Supplied records ▸
-- Opening Marker --
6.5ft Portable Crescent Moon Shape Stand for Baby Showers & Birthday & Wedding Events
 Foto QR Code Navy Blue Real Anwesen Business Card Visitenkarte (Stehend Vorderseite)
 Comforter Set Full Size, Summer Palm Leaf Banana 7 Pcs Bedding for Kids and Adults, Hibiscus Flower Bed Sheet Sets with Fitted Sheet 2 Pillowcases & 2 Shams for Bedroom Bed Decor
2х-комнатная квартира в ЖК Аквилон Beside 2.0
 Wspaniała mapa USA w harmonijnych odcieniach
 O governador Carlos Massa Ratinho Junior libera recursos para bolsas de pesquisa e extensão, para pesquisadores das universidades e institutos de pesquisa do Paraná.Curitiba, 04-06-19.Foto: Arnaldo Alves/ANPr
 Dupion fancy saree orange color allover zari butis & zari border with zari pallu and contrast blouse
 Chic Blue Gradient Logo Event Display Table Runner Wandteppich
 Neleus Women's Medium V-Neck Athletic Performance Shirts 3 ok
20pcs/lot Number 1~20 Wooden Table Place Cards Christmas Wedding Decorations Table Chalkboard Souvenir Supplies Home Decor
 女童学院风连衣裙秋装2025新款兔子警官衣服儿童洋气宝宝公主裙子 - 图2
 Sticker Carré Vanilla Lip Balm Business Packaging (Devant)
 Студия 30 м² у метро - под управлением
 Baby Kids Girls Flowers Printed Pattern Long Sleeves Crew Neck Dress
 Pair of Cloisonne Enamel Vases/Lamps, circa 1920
-- Closing Marker --
Required work ▸
Above are the entries. Quote exactly the lines from the one bearing "Foto QR Code" through the one bearing "Wspaniała mapa USA w harmonijnych odcieniach".

Task result ▸
 Foto QR Code Navy Blue Real Anwesen Business Card Visitenkarte (Stehend Vorderseite)
 Comforter Set Full Size, Summer Palm Leaf Banana 7 Pcs Bedding for Kids and Adults, Hibiscus Flower Bed Sheet Sets with Fitted Sheet 2 Pillowcases & 2 Shams for Bedroom Bed Decor
2х-комнатная квартира в ЖК Аквилон Beside 2.0
 Wspaniała mapa USA w harmonijnych odcieniach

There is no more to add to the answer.